When an extraction system returns an empty value for a field, it can mean one of two things: the field is absent from the document (the information is genuinely not there), or the extraction failed to find the field (it might be there, the system just couldn’t locate it). These are different situations with different implications. Most extraction systems collapse them into a single null or empty output and provide no way to distinguish between them.

This is a quiet design mistake that compounds over time. A user who sees an empty “early termination clause” field has two possible interpretations: the lease has no early termination clause (absent), or the extraction system missed it (unknown). These interpretations lead to very different actions. If the field is absent, the user can note that absence as a material fact and proceed. If the field might just be missed, the user has to read the lease manually to check — which is exactly the work they were trying to avoid. An output that can mean either thing is an output that can’t be trusted for the absent case, because it might be the unknown case.

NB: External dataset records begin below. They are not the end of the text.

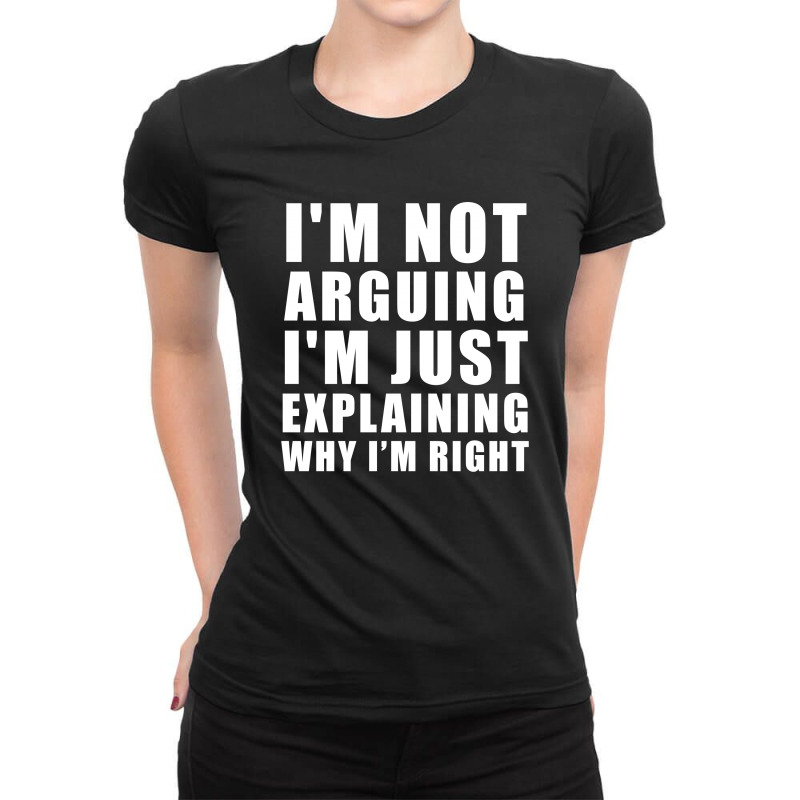 I'm Not Arguing I'm Just Explaining Ladies Fitted T-Shirt by designby21 | Artistshot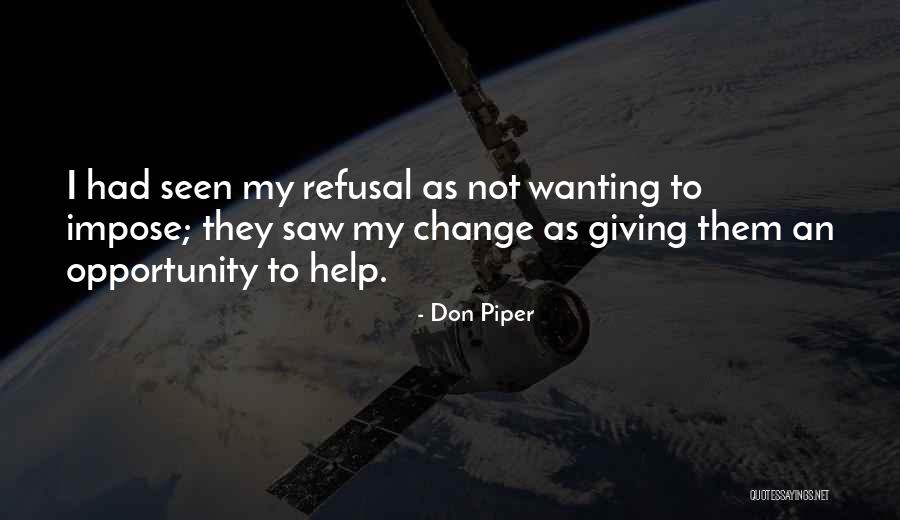Not Wanting To Change Quotes By Don Piper Not Wanting To Change Quotes By Don Piper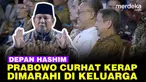 Prabowo bercerita, di keluarganya dulu, sempat kerap dimarahi karena selalu diam saat dijahati.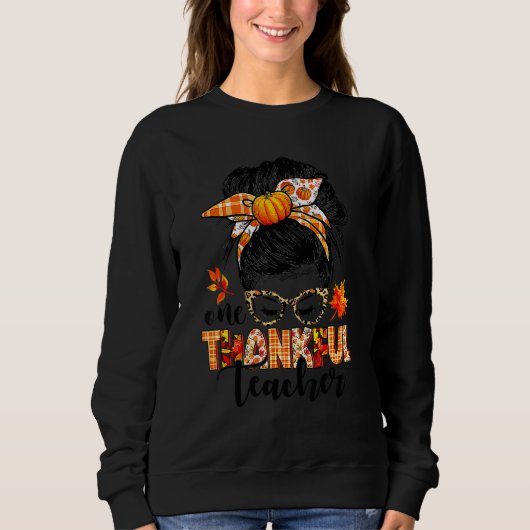 One Thankful Teacher Messy Bun Fall Autumn Thanksg スウェットシャツ (正面)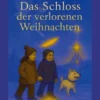 Das Schloss der verlorenen Weihnachten
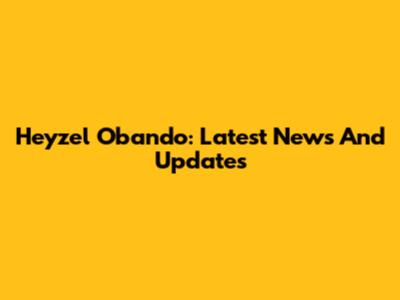 Heyzel Obando: Latest News And Updates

The output schema for an extraction system should make this distinction explicit. Three states, not two: present (value found, here is the value and its citation), absent (field not found in document, here is the evidence — the surrounding context that establishes the field isn’t present), and unknown (extraction could not determine whether the field is present or absent). Unknown is the failure state — it means the system ran into a limitation and couldn’t give a confident answer either way.

Surfacing the absent state with evidence is the harder part. Saying a field is absent is a positive claim that requires justification. The system should be able to point to something in the document that supports the absence — a clause that would typically contain this information but doesn’t, a section header followed by no relevant content, a standard form with the relevant checkbox unchecked. Absent with evidence is a trustworthy output. Absent without evidence is indistinguishable from unknown.

The unknown state should be rare, but when it occurs it should be honest. If a field spans multiple locations in a large document and the extraction isn’t confident it found all relevant instances, unknown is the right answer. The user knows they need to review that field manually. That’s more useful than a fabricated present or a false absent.

Getting this right in v1 changes how users relate to the tool. An extraction system that distinguishes between absent and unknown earns trust for its absent readings. A system that collapses them erodes trust for both: users learn they can’t rely on an empty field to mean anything definitive, and they stop treating the output as a reliable starting point.